> **Data records**:
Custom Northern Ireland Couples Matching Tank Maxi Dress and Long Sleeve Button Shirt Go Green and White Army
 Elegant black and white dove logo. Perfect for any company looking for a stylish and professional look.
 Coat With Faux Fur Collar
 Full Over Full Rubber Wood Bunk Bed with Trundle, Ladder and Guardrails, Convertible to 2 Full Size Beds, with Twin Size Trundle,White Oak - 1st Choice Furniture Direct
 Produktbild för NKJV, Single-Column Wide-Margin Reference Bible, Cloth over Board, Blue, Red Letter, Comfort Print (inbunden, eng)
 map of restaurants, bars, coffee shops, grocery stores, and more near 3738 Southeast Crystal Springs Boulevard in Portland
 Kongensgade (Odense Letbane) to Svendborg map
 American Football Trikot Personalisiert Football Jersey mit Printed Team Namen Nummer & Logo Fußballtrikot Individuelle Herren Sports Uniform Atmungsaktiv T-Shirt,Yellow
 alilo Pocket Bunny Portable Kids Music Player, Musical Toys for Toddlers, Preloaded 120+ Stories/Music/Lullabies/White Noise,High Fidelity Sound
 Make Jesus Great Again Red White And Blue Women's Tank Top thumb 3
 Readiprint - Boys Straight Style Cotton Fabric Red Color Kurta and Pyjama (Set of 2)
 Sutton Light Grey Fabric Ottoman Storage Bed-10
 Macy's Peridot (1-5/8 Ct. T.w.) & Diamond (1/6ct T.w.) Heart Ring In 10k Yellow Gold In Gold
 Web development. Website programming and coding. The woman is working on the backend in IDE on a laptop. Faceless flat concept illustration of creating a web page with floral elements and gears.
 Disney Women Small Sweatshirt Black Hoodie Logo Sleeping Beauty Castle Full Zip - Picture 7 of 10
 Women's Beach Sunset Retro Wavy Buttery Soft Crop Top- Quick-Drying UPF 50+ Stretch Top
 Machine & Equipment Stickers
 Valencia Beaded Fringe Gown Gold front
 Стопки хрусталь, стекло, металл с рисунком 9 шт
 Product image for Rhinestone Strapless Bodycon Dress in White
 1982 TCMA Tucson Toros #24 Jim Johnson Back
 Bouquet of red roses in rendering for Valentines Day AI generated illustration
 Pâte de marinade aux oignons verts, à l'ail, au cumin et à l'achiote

> **Problem description**: Please transcribe exactly the lines above from the line that has "Kongensgade (Odense Letbane)" up to and including the line that has "American Football Trikot"; no other line belongs in the answer.

> **Answer to the problem**:
 Kongensgade (Odense Letbane) to Svendborg map
 American Football Trikot Personalisiert Football Jersey mit Printed Team Namen Nummer & Logo Fußballtrikot Individuelle Herren Sports Uniform Atmungsaktiv T-Shirt,Yellow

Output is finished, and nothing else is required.